There are many questions surrounding its cause..
The LGBT community and their allies are mourning the tragic loss of a family who perished in a horrific car accident on Monday.
Married couple Sarah and Jennifer Hart and their family of six children became well-known as the Hart Tribe, traveling around the country offering free hugs at festivals and political events in an effort to promote unity.
The two women and their three children Jeremiah, 14, Abigail, 14, and Markis, 19, were found in the family SUV when it plunged over a Northern California cliff. Their other children Devonte, 15, Hannah, 16, and Sierra, 12 are believed to have been with them, but their bodies have not yet been recovered.
"We know that an entire family vanished and perished during this tragedy," said Mendocino County Sheriff Tom Allman on Wednesday. He is asking people to come forward if they can provide some information on the family and the hours that led up to the accident.

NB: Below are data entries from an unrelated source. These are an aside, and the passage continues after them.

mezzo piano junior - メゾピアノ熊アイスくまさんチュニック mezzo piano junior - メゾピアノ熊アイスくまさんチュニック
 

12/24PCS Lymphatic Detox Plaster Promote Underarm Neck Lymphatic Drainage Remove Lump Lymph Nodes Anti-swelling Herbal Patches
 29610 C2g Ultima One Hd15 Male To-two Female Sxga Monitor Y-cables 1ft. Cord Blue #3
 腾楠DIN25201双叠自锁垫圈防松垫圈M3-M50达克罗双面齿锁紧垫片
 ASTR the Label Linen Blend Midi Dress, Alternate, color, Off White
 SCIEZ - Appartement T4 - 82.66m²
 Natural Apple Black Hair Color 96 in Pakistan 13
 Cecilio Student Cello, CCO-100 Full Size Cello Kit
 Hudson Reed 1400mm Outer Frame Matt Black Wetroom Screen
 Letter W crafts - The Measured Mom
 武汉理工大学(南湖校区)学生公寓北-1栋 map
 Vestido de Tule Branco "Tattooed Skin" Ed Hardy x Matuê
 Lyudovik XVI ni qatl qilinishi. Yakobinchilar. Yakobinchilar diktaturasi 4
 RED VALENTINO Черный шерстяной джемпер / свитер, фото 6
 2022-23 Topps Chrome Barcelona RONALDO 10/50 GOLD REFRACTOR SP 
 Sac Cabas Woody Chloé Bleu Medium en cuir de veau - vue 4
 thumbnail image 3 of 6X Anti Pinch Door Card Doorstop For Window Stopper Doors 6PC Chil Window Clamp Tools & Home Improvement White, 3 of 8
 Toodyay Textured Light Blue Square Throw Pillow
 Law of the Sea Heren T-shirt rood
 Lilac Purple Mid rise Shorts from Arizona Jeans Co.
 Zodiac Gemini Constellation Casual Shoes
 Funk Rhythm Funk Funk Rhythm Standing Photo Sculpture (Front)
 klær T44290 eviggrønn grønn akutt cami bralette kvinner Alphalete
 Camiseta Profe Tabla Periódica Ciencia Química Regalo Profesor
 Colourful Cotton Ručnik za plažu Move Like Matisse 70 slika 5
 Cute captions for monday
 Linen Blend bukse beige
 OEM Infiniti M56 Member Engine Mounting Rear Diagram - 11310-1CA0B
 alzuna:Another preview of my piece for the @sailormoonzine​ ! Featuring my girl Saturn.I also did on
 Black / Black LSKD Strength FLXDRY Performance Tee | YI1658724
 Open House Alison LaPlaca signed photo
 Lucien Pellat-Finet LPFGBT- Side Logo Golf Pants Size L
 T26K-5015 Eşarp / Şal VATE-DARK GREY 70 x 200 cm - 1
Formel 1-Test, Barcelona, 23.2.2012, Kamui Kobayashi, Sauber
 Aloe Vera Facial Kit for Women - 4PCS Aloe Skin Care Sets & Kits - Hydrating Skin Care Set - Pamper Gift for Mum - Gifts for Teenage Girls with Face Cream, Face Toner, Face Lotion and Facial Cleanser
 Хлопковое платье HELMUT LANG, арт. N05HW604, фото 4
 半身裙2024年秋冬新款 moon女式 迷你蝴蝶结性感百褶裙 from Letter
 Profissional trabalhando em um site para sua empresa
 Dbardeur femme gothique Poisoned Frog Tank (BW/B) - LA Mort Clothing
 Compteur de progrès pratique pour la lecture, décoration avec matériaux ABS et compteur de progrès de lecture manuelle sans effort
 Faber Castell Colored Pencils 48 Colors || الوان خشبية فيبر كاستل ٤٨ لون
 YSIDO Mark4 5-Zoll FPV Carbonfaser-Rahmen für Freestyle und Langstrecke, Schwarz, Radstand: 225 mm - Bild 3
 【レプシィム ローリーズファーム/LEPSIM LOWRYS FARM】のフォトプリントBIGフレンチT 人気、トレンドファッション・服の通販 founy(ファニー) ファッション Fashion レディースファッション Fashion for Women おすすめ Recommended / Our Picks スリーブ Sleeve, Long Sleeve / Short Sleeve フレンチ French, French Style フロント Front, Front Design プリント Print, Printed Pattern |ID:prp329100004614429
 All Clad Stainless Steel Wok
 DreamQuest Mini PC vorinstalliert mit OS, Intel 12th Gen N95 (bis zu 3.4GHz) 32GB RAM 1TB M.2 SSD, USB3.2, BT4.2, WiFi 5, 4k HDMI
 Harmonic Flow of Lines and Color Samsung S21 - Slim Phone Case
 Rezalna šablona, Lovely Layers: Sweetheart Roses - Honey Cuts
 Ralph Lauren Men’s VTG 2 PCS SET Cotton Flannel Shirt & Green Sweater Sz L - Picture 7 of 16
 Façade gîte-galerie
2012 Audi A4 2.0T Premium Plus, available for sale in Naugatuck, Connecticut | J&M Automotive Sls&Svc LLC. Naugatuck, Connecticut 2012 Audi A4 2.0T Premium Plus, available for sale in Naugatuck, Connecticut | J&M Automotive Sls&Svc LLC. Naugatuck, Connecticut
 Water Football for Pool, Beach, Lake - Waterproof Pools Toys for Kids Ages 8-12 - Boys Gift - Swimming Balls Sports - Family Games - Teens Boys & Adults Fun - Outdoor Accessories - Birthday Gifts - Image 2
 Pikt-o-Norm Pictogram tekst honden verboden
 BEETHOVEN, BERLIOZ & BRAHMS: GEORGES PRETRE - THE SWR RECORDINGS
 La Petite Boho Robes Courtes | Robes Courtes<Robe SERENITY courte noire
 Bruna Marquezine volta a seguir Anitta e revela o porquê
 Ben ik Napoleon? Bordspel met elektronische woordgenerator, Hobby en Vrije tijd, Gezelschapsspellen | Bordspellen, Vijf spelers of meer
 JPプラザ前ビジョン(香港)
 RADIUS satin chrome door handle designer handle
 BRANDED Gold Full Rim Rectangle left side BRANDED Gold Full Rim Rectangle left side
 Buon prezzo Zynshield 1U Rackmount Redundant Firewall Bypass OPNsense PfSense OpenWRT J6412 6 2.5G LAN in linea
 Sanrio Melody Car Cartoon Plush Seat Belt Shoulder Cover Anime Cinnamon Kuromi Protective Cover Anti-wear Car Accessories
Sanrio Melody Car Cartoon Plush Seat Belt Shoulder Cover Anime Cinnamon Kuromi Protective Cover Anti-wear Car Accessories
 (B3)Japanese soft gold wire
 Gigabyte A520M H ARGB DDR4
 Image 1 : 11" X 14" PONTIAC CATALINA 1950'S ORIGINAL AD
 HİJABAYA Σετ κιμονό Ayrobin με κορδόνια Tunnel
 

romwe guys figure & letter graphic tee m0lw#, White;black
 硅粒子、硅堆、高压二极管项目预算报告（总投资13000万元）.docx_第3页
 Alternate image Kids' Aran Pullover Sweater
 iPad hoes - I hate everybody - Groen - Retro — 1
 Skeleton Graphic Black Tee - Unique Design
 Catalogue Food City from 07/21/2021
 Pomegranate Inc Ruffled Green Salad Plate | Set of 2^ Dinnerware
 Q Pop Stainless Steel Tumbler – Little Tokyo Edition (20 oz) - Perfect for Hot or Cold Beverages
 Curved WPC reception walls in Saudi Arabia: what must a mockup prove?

Police are not clear what caused the car to careen over the cliff. “There were no skid marks. There were no brake marks,” Allman said. “There was no indication of why this vehicle traversed approximately over 75 feet off a dirt pullout and went into the Pacific Ocean.”
CHP Sgt. Christopher Dalin said, “We don’t know if it rolled over the edge or if it launched over the edge.”
A family friend, photographer Zippy Lomax remembers the Hart’s and their intrepid way of life.
"This is a tragic accident of a magnitude that cannot be measured," Lomax told the Associated Press.
"They were really radiant, warm, adventurous inspiring people. They were always on some grand adventure, and the kids were living this life that was kind of like this dream," He added. "The family was this very self-supporting unit that was impossible to miss. When they showed up to an event, they made an impression. They shattered a lot of norms and they did not shy away from controversy or adversity."
Their son Devonte Hart became famous after he was photographed hugging a police officer during a protest against a grand jury’s decision not to indict the police officer who shot a black man in Ferguson Missouri. Devonte held a sign reading “free hugs,” of which one officer at the rally partook.
The viral photo was endearing but also brought with it mass publicity which included death threats.
The family moved to Woodland, Washington near Portland partly to escape the public eye according to the AP.
Recently Washington state child protective services sought to question the mothers because of reports from neighbors who say Devonte often visited them begging for food. They also said another of their children had appeared on their doorstep wrapped in a blanket and asking for help early one morning in August 2017.
In 2011, Sarah Hart pleaded guilty to domestic assault against one of her daughters, say reports.
But people who knew them say the recent reports of abuse are unfounded.
Family friend Pte Sapa Win took to Facebook and posted a video about the family saying, “Most of the articles are sketchy… and just take it with a grain of salt right now. Unless there is a note or some indication, we don’t know. We may never know. Most of us knew them (really) well. But sometimes people do keep secrets, you see that all the time. So keep that in mind… I really want this to be a sick April Fool’s joke early.”
“I’ve never known anybody as beautiful, inspiring, and loving and tough, tenacious,” she continued. “I’ve never seen any signs or anything that made me even remotely concerned with the care of the kids. I was always highly impressed with how well-mannered they were, how giving, how loving. I’ve never come across anyone like them, and I know I never will again.”